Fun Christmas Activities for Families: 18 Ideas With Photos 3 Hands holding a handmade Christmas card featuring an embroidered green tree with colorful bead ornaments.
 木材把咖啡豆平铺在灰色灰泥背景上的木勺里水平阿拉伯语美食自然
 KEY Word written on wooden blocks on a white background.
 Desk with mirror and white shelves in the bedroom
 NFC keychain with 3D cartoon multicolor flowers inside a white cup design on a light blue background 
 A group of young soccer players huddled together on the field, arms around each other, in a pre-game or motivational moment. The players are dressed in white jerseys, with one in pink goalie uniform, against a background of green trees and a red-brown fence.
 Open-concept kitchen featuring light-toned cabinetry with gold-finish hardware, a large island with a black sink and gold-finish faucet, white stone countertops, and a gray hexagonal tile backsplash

_ _ _ _ _ _ _

Every line of the data above is to be copied out exactly.

Fun Christmas Activities for Families: 18 Ideas With Photos 3 Hands holding a handmade Christmas card featuring an embroidered green tree with colorful bead ornaments.
 木材把咖啡豆平铺在灰色灰泥背景上的木勺里水平阿拉伯语美食自然
 KEY Word written on wooden blocks on a white background.
 Desk with mirror and white shelves in the bedroom
 NFC keychain with 3D cartoon multicolor flowers inside a white cup design on a light blue background 
 A group of young soccer players huddled together on the field, arms around each other, in a pre-game or motivational moment. The players are dressed in white jerseys, with one in pink goalie uniform, against a background of green trees and a red-brown fence.
 Open-concept kitchen featuring light-toned cabinetry with gold-finish hardware, a large island with a black sink and gold-finish faucet, white stone countertops, and a gray hexagonal tile backsplash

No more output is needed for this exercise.